**EXERCISE GOAL**
Restate all the lines below word for word, but omit the pictures.

[RECORDS TO PROCESS]

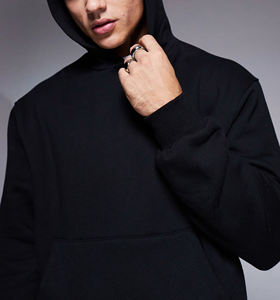 Sweat-shirt à capuche noir pour homme de haute qualité, coupe classique, logo imprimé sur le devant, style décontracté, design avec poche, 100% polyester polaire - Product Image 3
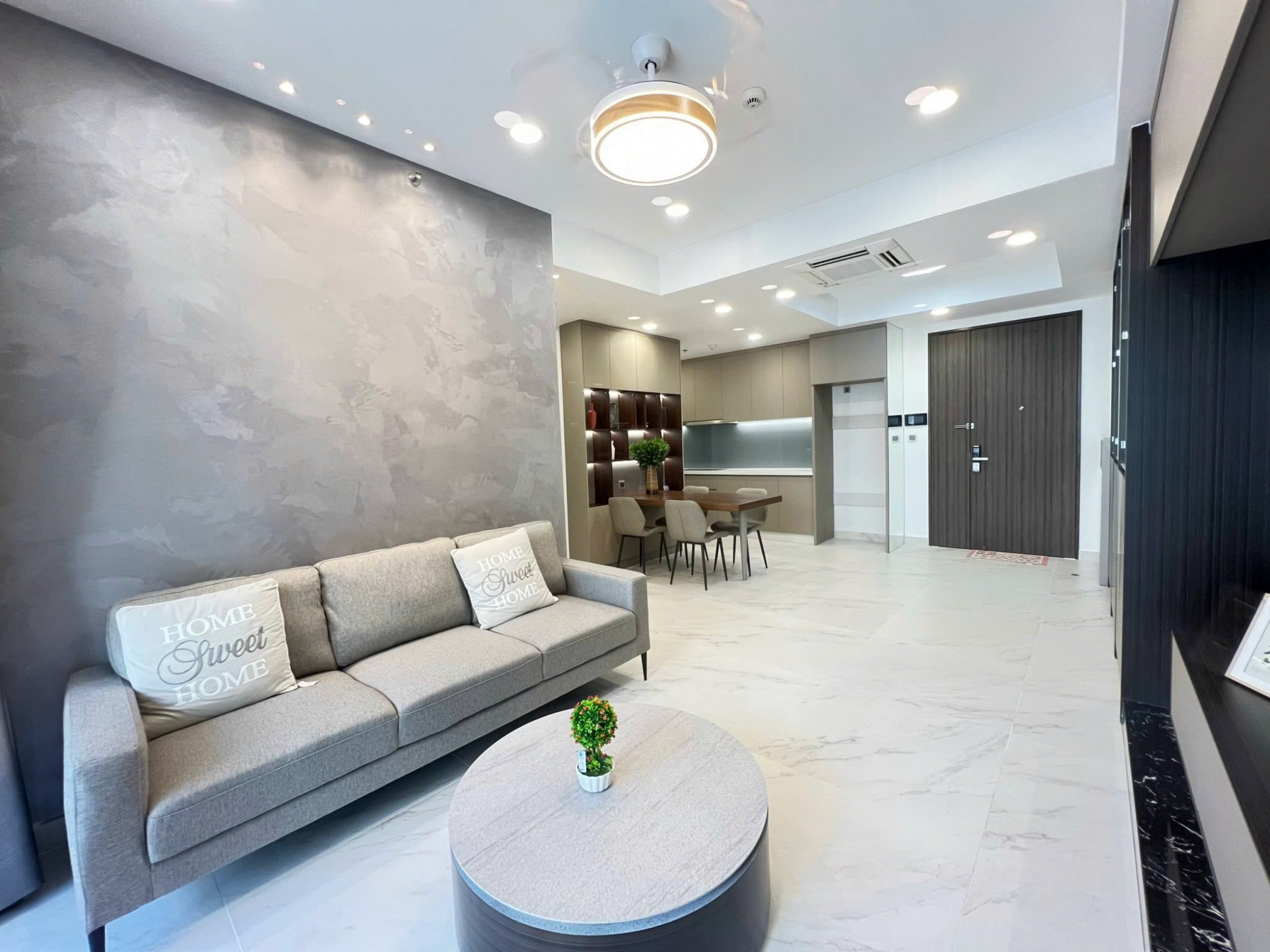 Cho thuê căn hộ Midtown 2 phòng ngủ full nội thất hiện đại có ô xe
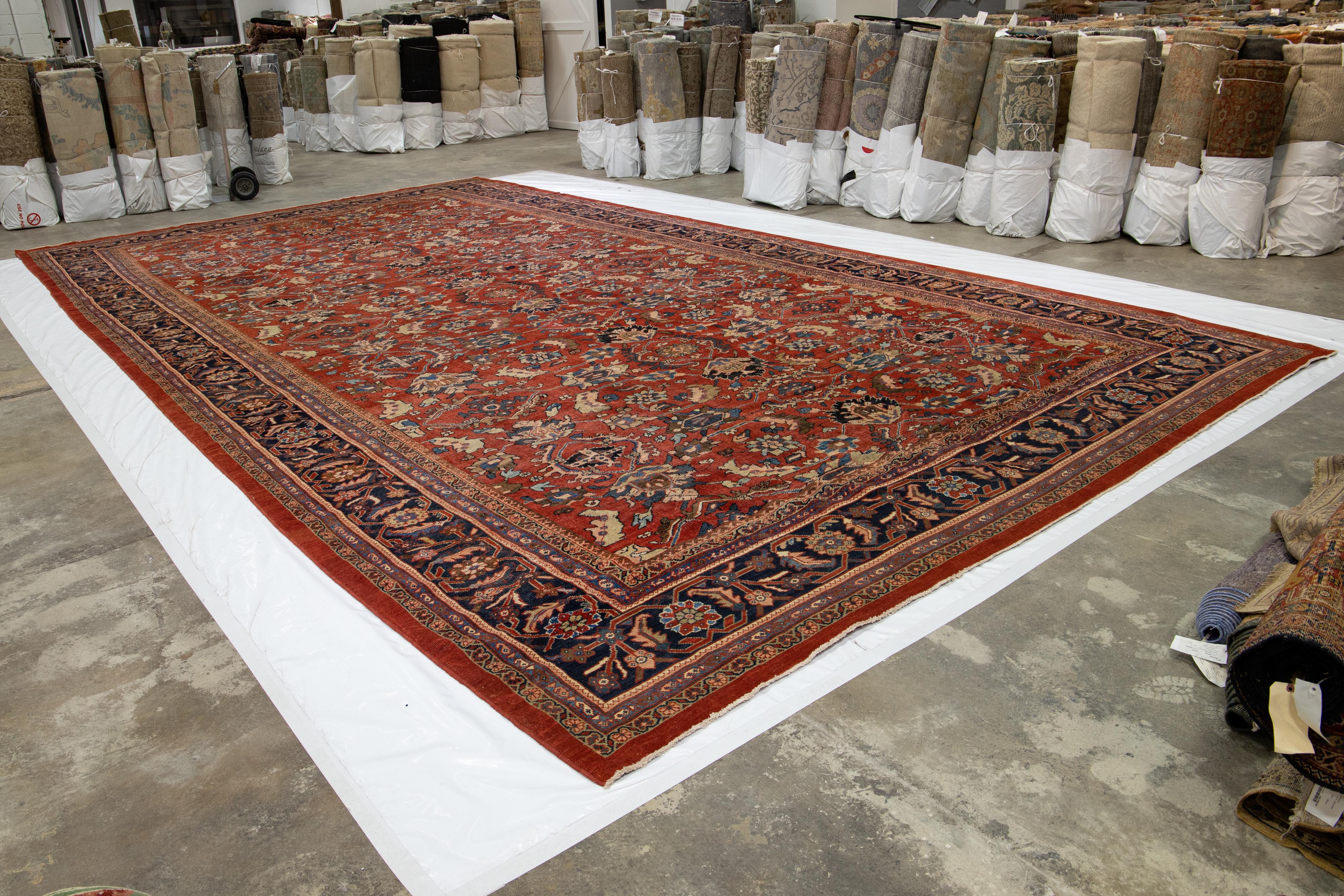 Roter antiker persischer Mahal handgefertigter geblümter Wollteppich in Übergröße im Angebot 3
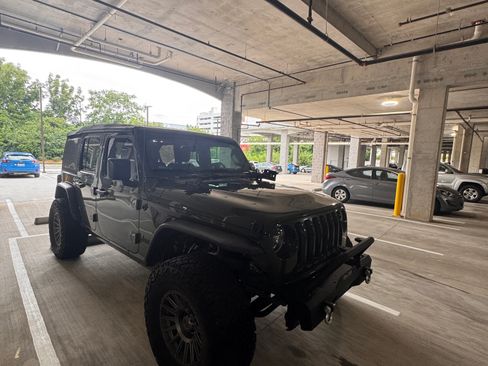 Used 2022 Jeep Wrangler Unlimited Sport AWD/4WD image 6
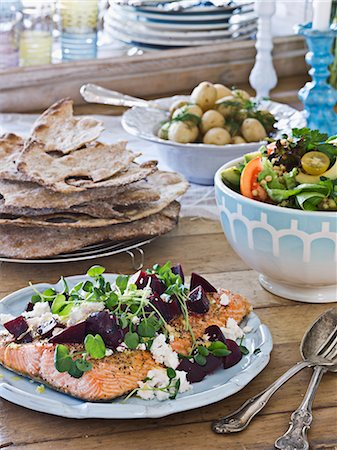 Baked salmon on plate Foto de stock - Sin royalties Premium, Código: 6102-07842880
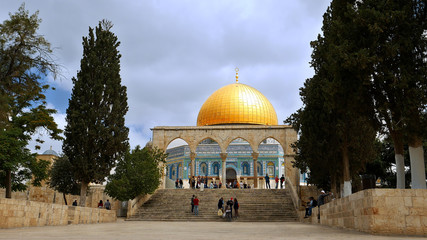 Obraz premium Dome of the Rock in Jerusalem over the Temple Mount. Golden Dome is the most known mosque and landmark in Jerusalem and sacred place for all muslims.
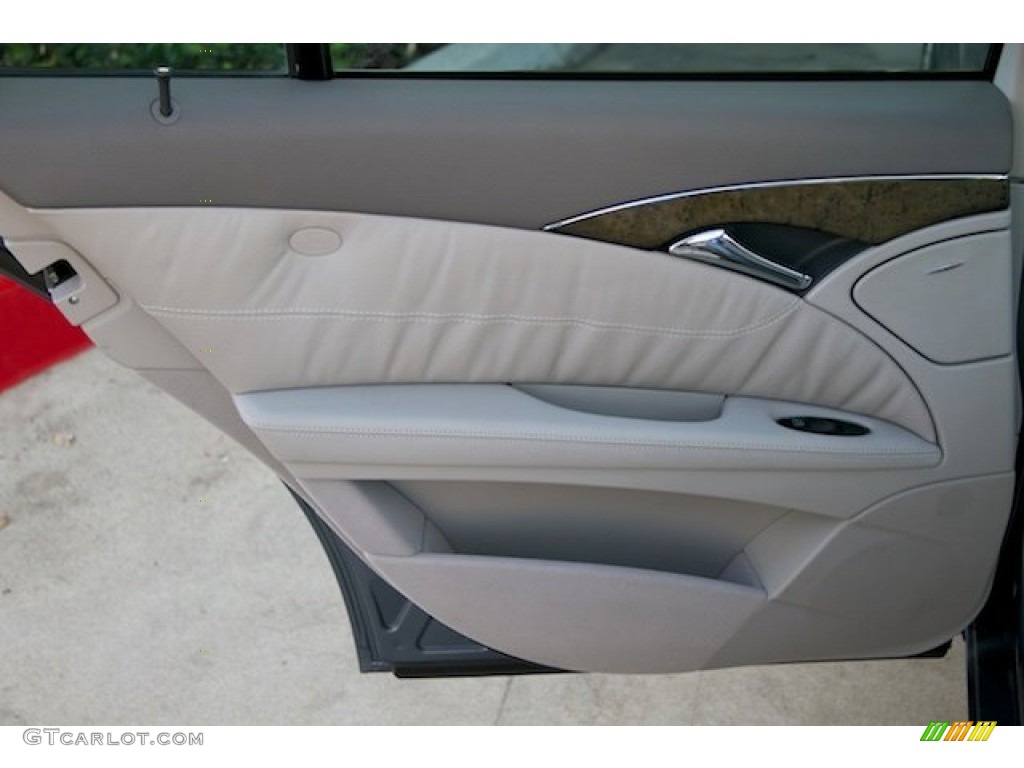 2006 E 350 Sedan - Platinum Blue Metallic / Ash photo #25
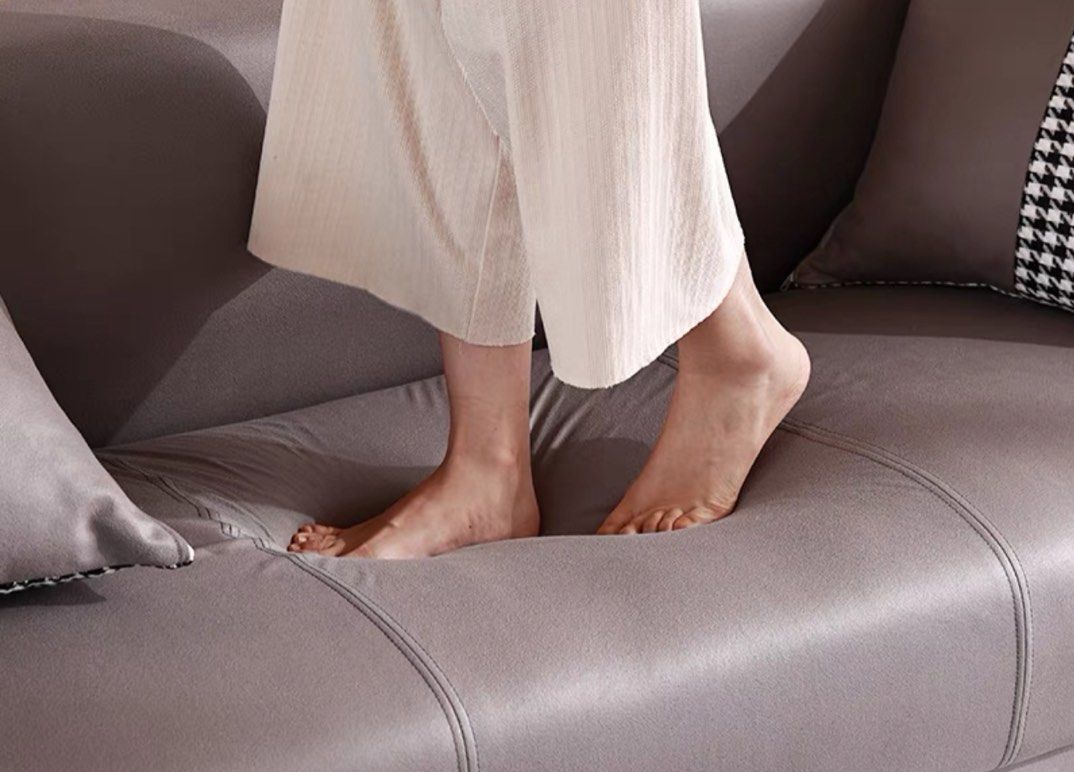 VELLINA Modern Leathaire Sofa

[/RECORDS TO PROCESS]

**TASK OUTPUT**
 Sweat-shirt à capuche noir pour homme de haute qualité, coupe classique, logo imprimé sur le devant, style décontracté, design avec poche, 100% polyester polaire - Product Image 3
 Cho thuê căn hộ Midtown 2 phòng ngủ full nội thất hiện đại có ô xe
 Roter antiker persischer Mahal handgefertigter geblümter Wollteppich in Übergröße im Angebot 3
 Used 2022 Jeep Wrangler Unlimited Sport AWD/4WD image 6
 Baked salmon on plate Foto de stock - Sin royalties Premium, Código: 6102-07842880
 Obraz premium Dome of the Rock in Jerusalem over the Temple Mount. Golden Dome is the most known mosque and landmark in Jerusalem and sacred place for all muslims.
 2006 E 350 Sedan - Platinum Blue Metallic / Ash photo #25
 VELLINA Modern Leathaire Sofa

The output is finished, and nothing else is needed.